IroIro Retro Emporium Logo\\

Wild 7

While it is frequently brought up on this site that OVAs of the 90s often acted as advertisement for manga, and didn’t necessarily come to a satisfying conclusion, Wild 7 is definitely not a case of this. These two videos offer a concise, engaging look into the world of this classic manga. The show has a good sense of closure while at the same time leaving the viewer wanting more.

It is based on a manga series that first came out in the 1960s. During that period in Japan, there was a lot more political unrest. Students and miners were protesting a government that was seen by some as highly corrupt. There were far more people who had their doubts how the country was being run and were quick to voice their opinions. It was very different from the far more harmonious veneer that Japan displays today. The manga tapped into this by assembling a squad of motorcycle cops where every member was a convicted felon. They were given the green light by the police force to be as violent as necessary to stop crime, and these guys were more than happy to comply.

With that sort of backdrop, Wild 7 was actually quite a good fit for the ultra violent onslaught of OVAs that dominated the 90s. For this series, the show kept the rough and tumble, no holds barred spirit of the manga, but updated the setting for what was at the time contemporary Japan.

The show focuses on a corrupt politician and his underlings who are trying to bring down the Wild 7 while at the same time forcibly take over a major television station so that they can brainwash Japan’s electorate. Of course, it’s up to the Wild 7 to stop this, usually through the most violent means possible. Each member has a back story, but there isn’t much time to flesh them out in the videos. As such, they come off more as caricatures whittled down to Big Strong Guy, Dude with the Missile Launcher, Person with the Amazing Moustache, and so on. This isn’t to say that the show isn’t entertaining. It’s loads of fun; just don’t expect much character development. What viewers get is a fun, straightforward tale of intrigue and corruption with health doses of explosions, car chases, and fist fights. It’s an exciting romp through the more cynical side of Japanese society.

Meanwhile, the art is quite detailed, and the character design is on point.
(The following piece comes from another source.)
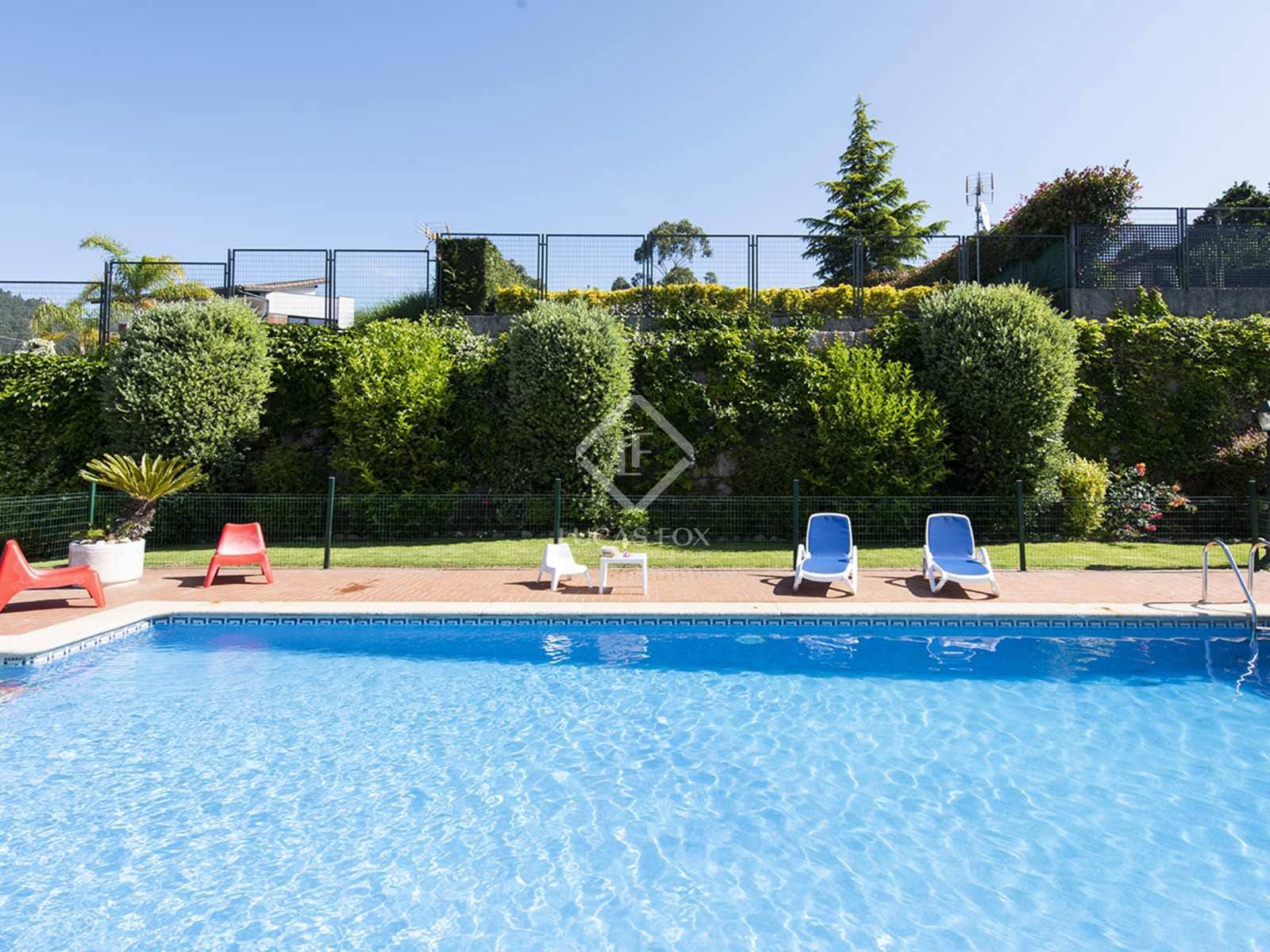 4 soveværelse Villa til salg i Gondomar med swimmingpool garage - € 750.000 (Ref: 7182849)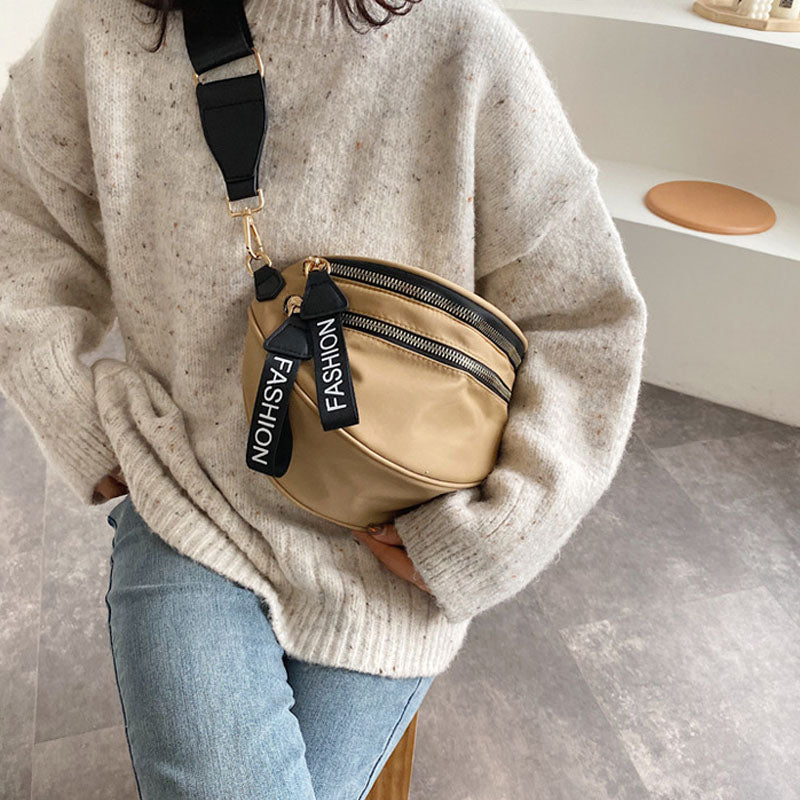 Heidi Handige Schoudertas | De perfecte schoudertas voor op reis in de kleur Zwart voor dames in stijl geschikt voor alle seizoenen.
Each character is supposed to be larger than life, and they look the part. While their police uniforms is what holds them together visually, one can see that beneath those, they all have very unique looks, as was alluded to earlier. Moreover, their motorcycles are pretty crazy. One has a huge rear axle with extra wheels on it to support the weight of the giant riding it, another has a bunch of rocket launchers on it, then their leader has one with tiny jets that come out and allow the bike to go airborne temporarily. Surprisingly, there weren’t any figures released to coincide with the show, which is a shame, because ones based on these characters and their bikes could have been really neat.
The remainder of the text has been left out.